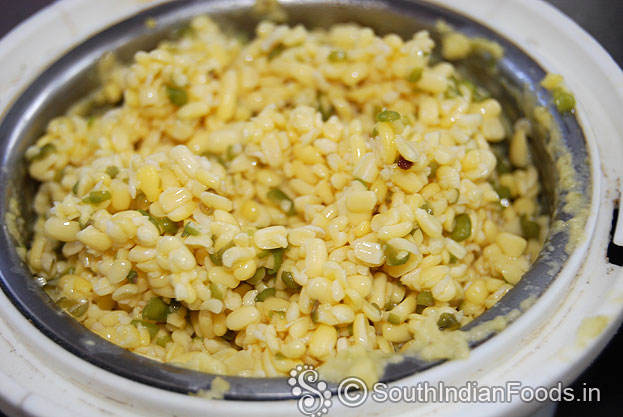 Put soaked moong dal in a mixer jar, coarsely or finely grind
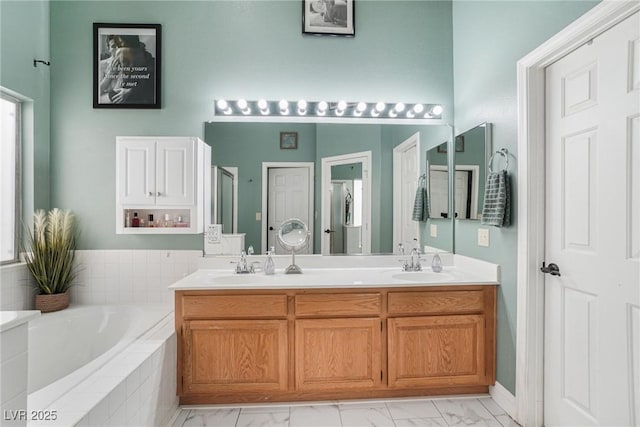 182 Horizon View Dr, Henderson, NV 89015 - full bath with double vanity, a garden tub, a stall shower, a sink, and marble finish floor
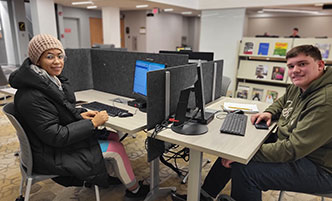 Two students working on computers in the Learning Commons.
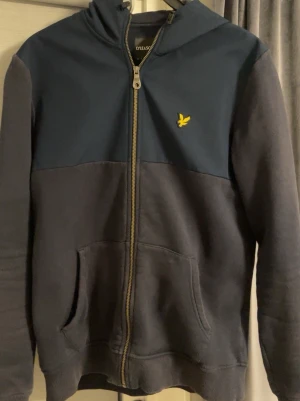 Mörkblå hoodie från Lyle & Scott - Snygg mörkblå hoodie från Lyle & Scott med dragkedja framtill och klassisk gul logga på bröstet. Hoodien har huva, känguruficka och ribbade muddar. Perfekt för en avslappnad och stilren look. Tillverkad i mjukt material för extra komfort.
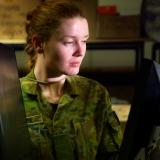 An Australian Army soldier inspects computer monitors.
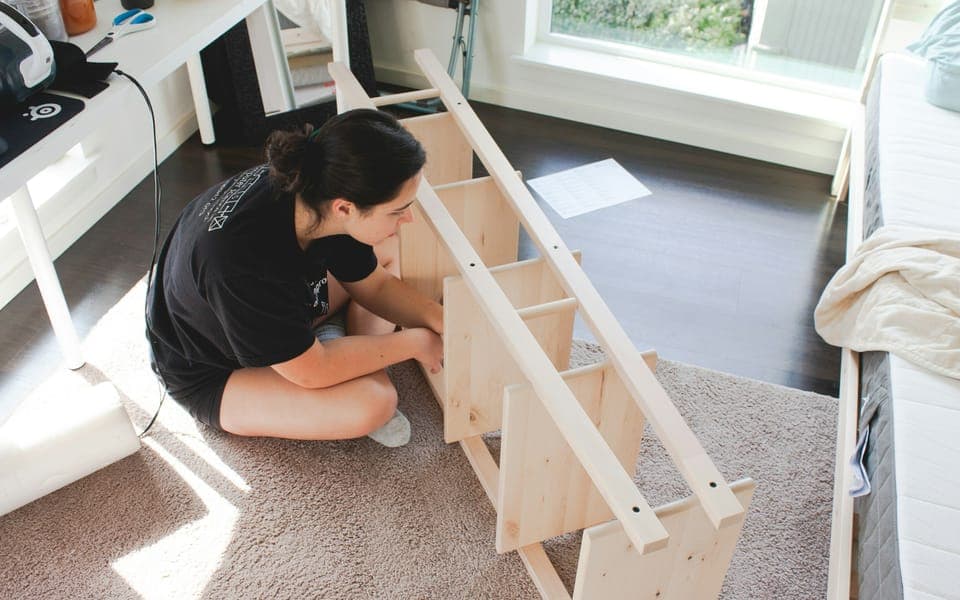 Wooden shelf being assembled on the floor
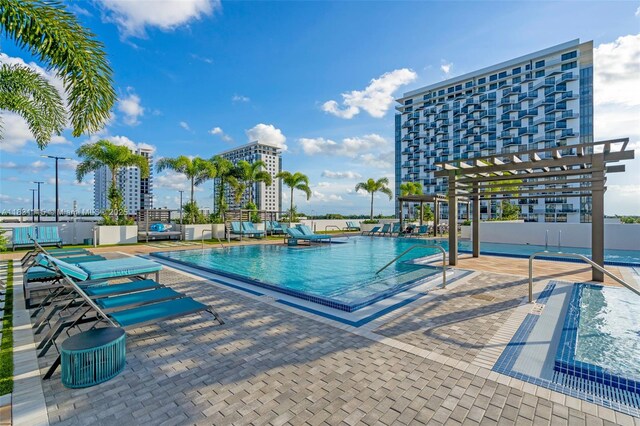 5350 NW 84th Ave Unit 1513, Doral, FL 33166 - community pool featuring a patio
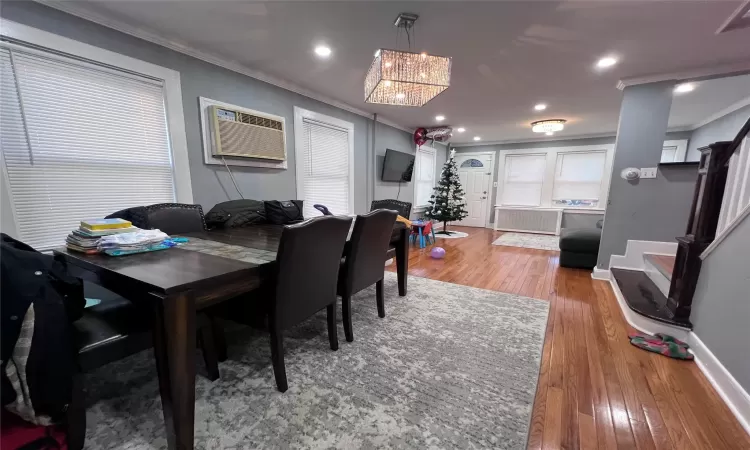 Dining area featuring radiator, crown molding, a wall mounted air conditioner, and light wood-type flooring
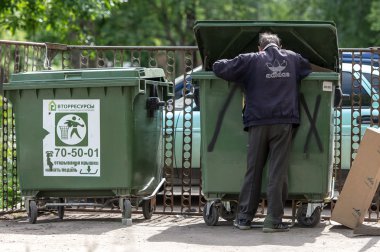 Poor man searching in garbage, Vologda, Russia clipart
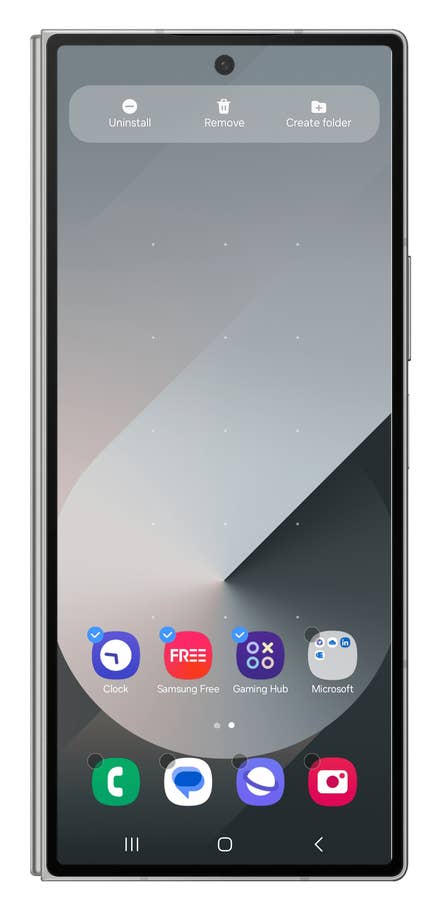 One UI screenshots showing how to move (or remove) multiple apps from the home screen.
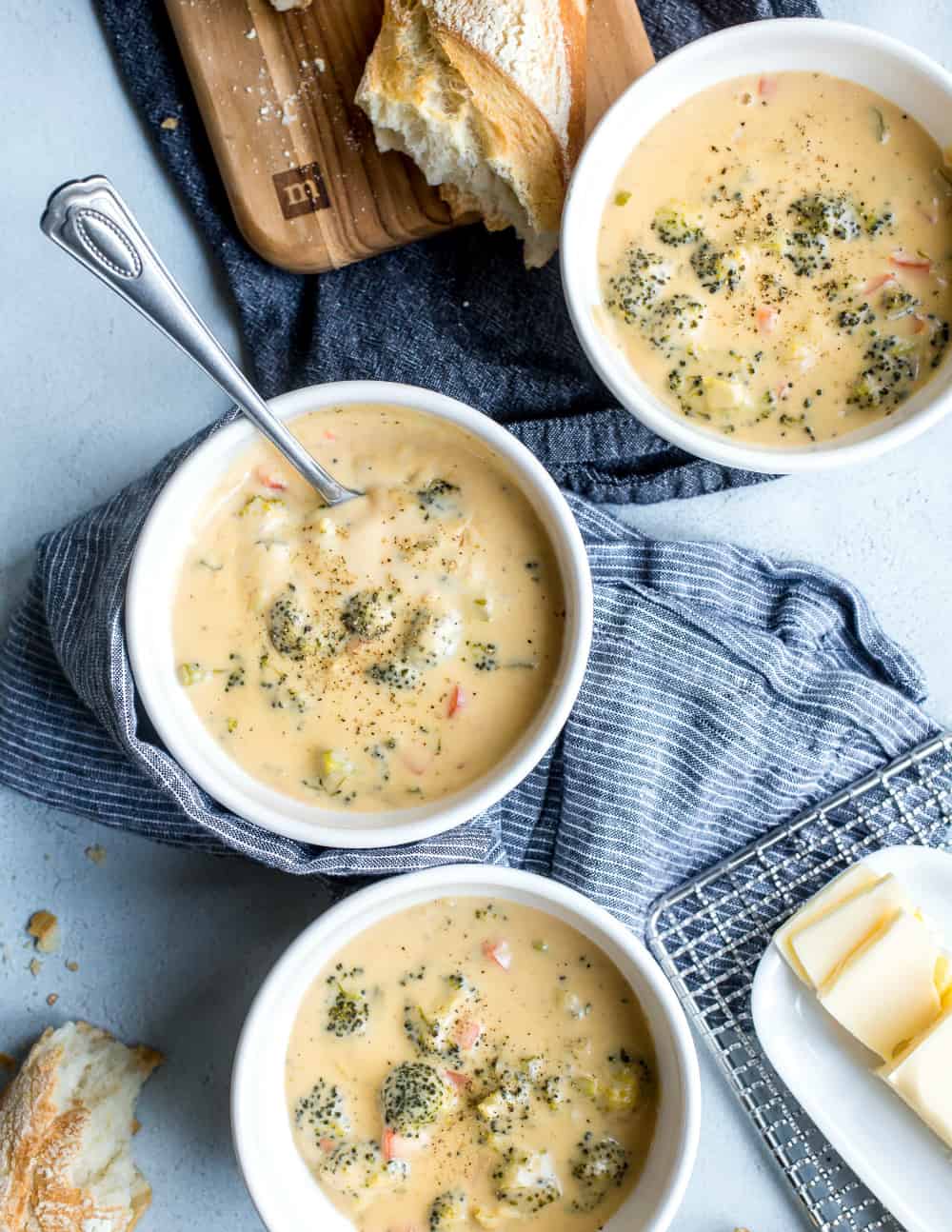 Ciotole di formaggio e broccoli disposti accanto a pane e burro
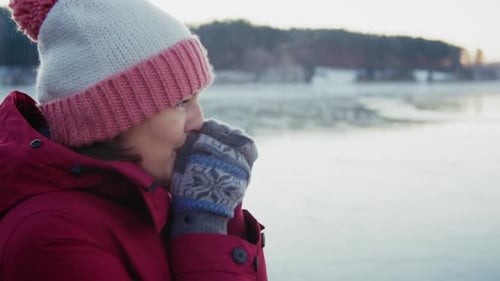 a Woman in Warm Clothes and Mittens at Frosty Morning on the Lake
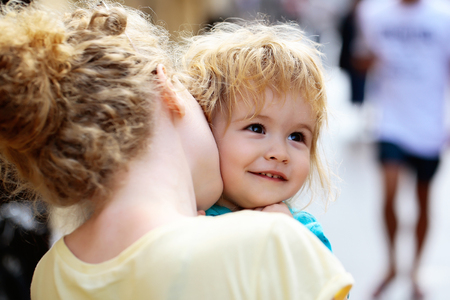 Mother young woman holds happy son baby boy with blonde hair in blue shirt sunny day outdoor in street on blurred backgroundの写真素材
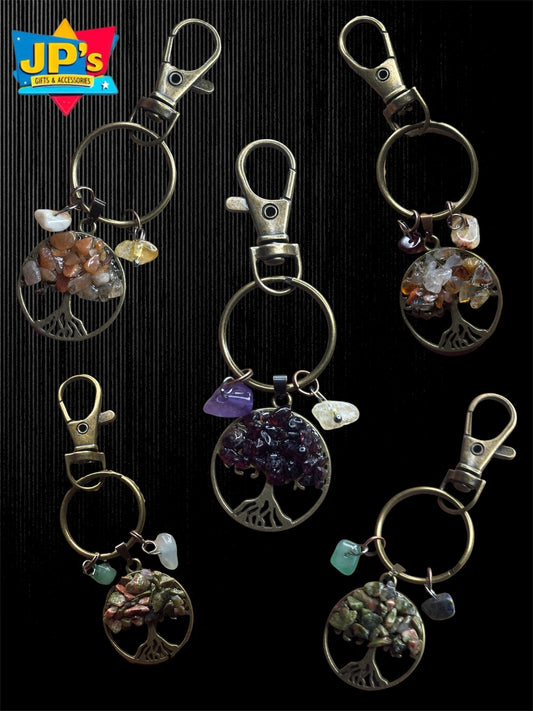 Five Tree of Life keychains with assorted gemstone accents and metal clasps on black background.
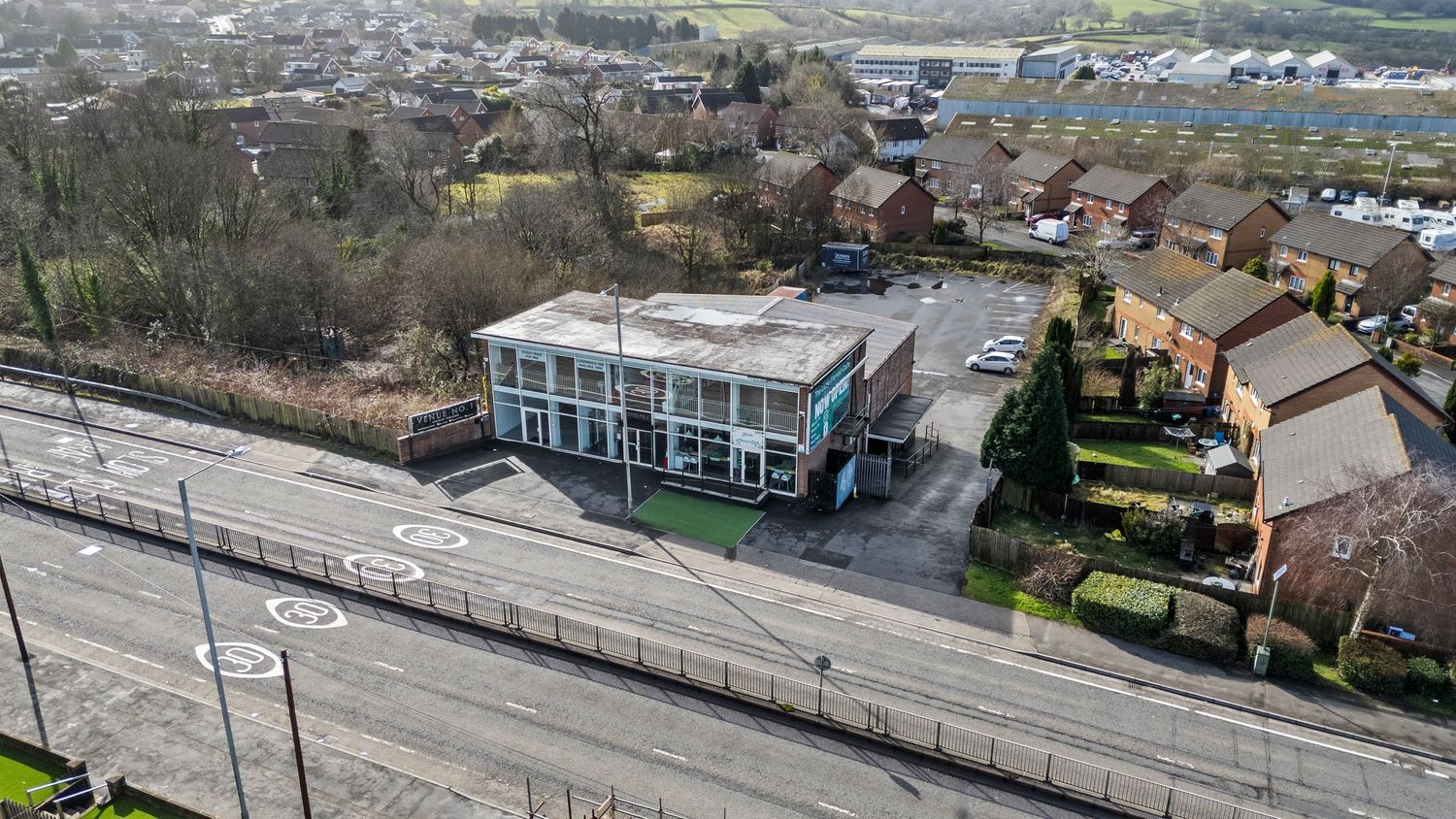 Modern commercial building alongside railway tracks in suburban setting. Venue 1, Swansea, South Wales.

•••

**Work required:** The lines from the one that contains "Ciotole di formaggio" through the end of the data, repeated exactly and with no pictures, make up the whole answer.

**Exercise response:**
 Ciotole di formaggio e broccoli disposti accanto a pane e burro
 a Woman in Warm Clothes and Mittens at Frosty Morning on the Lake
 Mother young woman holds happy son baby boy with blonde hair in blue shirt sunny day outdoor in street on blurred backgroundの写真素材
 Five Tree of Life keychains with assorted gemstone accents and metal clasps on black background.
 Modern commercial building alongside railway tracks in suburban setting. Venue 1, Swansea, South Wales.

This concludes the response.